Marchisio e il sogno Guardiola come ct Italia, fiducia sulla Juve

Marchisio in veste di Head of Competition della Kings League parla del ct ideale per l’Italia e della Juventus, oltre alla Kings World Cup Clubs 2026 a Milano.

Claudio Marchisio durante una conferenza stampa con microfoni e telecamere in primo piano
Claudio Marchisio durante una conferenza stampa con microfoni e telecamere in primo piano

Claudio Marchisio, oggi Head of Competition della Kings League, non esclude scenari ambizioni per il calcio italiano. Durante una round table con i media presso l’Adnkronos in occasione della Kings World Cup Clubs 2026, l’ex centrocampista bianconero ha espresso il suo punto di vista su chi potrebbe guidare la Nazionale, senza nascondere un nome di grande calibro internazionale. Marchisio ha anche commentato il recente Mondiale concluso con la vittoria della Spagna e il progetto Juventus, di cui rimane un osservatore interessato.

Il ct ideale: la proposta Guardiola

Quando affrontato il tema della ricerca del nuovo commissario tecnico dell’Italia, Marchisio non ha avuto dubbi: “Io ci avrei provato con Guardiola seriamente”. L’ex azzurro ha motivato la scelta sottolineando le potenzialità di un progetto a lungo termine, capace di partire anche dalle fondamenta. Non si tratta di una scelta casuale: Guardiola rappresenterebbe una figura capace di costruire un’identità calcistica duratura, esattamente quello di cui l’Italia potrebbe avere bisogno dopo il Mondiale disputato dalla Spagna.

La visione di Marchisio va oltre il semplice risultato immediato. L’idea è quella di un progetto a medio-lungo termine che parta anche dal basso, elemento cruciale per una nazionale che necessita di stabilità e di una linea tattica precisa. In questo senso, la competenza di Guardiola nel costruire squadre solide, abituate a dominare il possesso palla e a imporre il proprio gioco, potrebbe rappresentare una soluzione interessante per il calcio italiano.

La Spagna campione e le critiche alla finale

Parlando del Mondiale appena concluso con il trionfo della Spagna contro l’Argentina, Marchisio ha riconosciuto il merito degli spagnoli nel vincere la competizione. Ha evidenziato come il giocatore che più ha caratterizzato la vittoria spagnola sia stato colui che però non ha sempre fatto quello che tutti si aspettavano nel corso del torneo, rappresentando comunque un apporto decisivo al successo collettivo.

Tuttavia, l’ex centrocampista non ha risparmiato critiche sulla gestione della partita finale. Dispiace vedere nel capitolo conclusivo di un mondiale un finale di gara così, ha commentato Marchisio, lamentandosi di episodi che hanno oscurato quella che poteva essere una finale dalle caratteristiche diverse. “Abbiamo visto cose abbastanza raccapriccianti per una finale di un mondiale”, ha aggiunto, evidenziando come alcuni comportamenti non consoni allo sport abbiano caratterizzato gli ultimi momenti della competizione.

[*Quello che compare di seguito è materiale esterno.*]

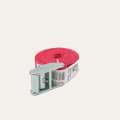 TIEGRRR TS6 CAM STRAP 6' (Red)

Secondo Marchisio, è nel dna della Spagna accendere le partite, una qualità che però non dovrebbe trascinare gli eventi verso situazioni spiacevoli, soprattutto in un contesto di massima visibilità internazionale come una finale mondiale.

La Kings World Cup a Milano e il nuovo evento

Marchisio ha poi illustrato i dettagli della Kings World Cup Clubs 2026, che per la prima volta sarà ospitata a Milano dal 26 luglio al 1° agosto. La manifestazione porterà con sé 27 partite concentrate in sette giorni, una densità di eventi che mira a creare uno spettacolo calcistico intenso e coinvolgente. L’attesa è quella di uno svolgimento di grande qualità, considerato che parteciperanno i migliori club e il livello complessivo della competizione sarà molto alto.

Nel contesto della Kings League, Marchisio ha evidenziato come la parte più sportiva degli atleti sia quella che più lo ha colpito. Molti calciatori sono entrati nel progetto con l’obiettivo di migliorare il proprio livello, mentre altri rappresentano talenti di categoria B e C o giocatori esperti nelle Legends, creando un mix interessante dal punto di vista competitivo.

La fiducia sulla Juventus e i tempi lunghi

Riguardo alla Juventus, club dove Marchisio ha lasciato un segno indelebile durante i suoi anni da giocatore, l’ex bianconero ha mantenuto una posizione sobria ma ottimista. “Strada lunga ma sono fiducioso”, ha dichiarato, riconoscendo che il percorso della Juventus richiede tempo e pazienza prima di raggiungere gli obiettivi prefissati. Non si tratta di una valutazione negativa, ma piuttosto di una lettura consapevole dei tempi necessari per costruire un progetto vincente.